Court Opinion

ID: 9726540
Source: CourtListenerOpinion
Date Created: 2023-08-26 12:56:20.60627+00
Date Added: 2024-06-11T18:25:28.253382
License: Public Domain

Braucher, J.
(concurring). I join fully in the opinion and decision of the court. But I think additional comment is required about injunctions issued by judges who have no jurisdiction to issue them. For more than six months the UFW and its sympathizers have been commanded to refrain from peacefully communicating the facts of a labor dispute to the plaintiffs’ customers. To be sure, counsel for the UFW apparently did not even recognize the problem, but the injunctions were continued in effect after it had been adjudicated that there was no jurisdiction to issue them.
The old-fashioned labor injunction purported to preserve the existing situation until there could be a proper trial of the merits of a claim that concerted activities of employees and their sympathizers had somehow violated the legal rights of their employers and the public. In practice, there was usually no proper trial of the merits. Long before the time for trial, the case was usually moot, since with the help of the preliminary injunction the employers had won in the world outside the court room. In effect, the courts were cavalry in the employer army.
Employees are more numerous than employers, and the remedy in a democratic system was obvious. Long ago, the battle was fought out in the political arena, and the forces of organized labor won, to the great advantage of our system of justice. In my view, as the opinion of the court fully demonstrates, this is not a marginal case. The product boycott has long been a familiar feature of the labor scene, and injunctions against it were standard illustrations of the old-fashioned labor injunction. I had thought the practice of enjoining such boycotts in labor disputes had been abolished a *744generation ago, to general public satisfaction.

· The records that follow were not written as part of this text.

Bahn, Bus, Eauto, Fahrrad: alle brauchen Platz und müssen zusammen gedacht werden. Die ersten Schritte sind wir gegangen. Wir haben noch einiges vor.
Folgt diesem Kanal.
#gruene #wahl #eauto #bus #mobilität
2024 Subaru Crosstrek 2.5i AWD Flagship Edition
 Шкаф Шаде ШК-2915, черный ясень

Even if this case could be treated as a marginal example of a labor dispute, the injunction practice followed here is nevertheless wrong. Even apart from statutes restricting labor injunctions, there is here a serious issue under the First Amendment to the Constitution of the United States. Injunctions should be issued with the expectation that they will be obeyed and, if necessary, enforced by contempt proceedings. Apparently there would have been no objection to an injunction limited to acts of harassment or intimidation; the issuance of more sweeping injunctions opened up the possibility that they might be unenforceable by reason of unconstitutional overbreadth. That risk should at least have been postponed until after trial on the merits.
In my opinion the injunctions in this case should never have been issued.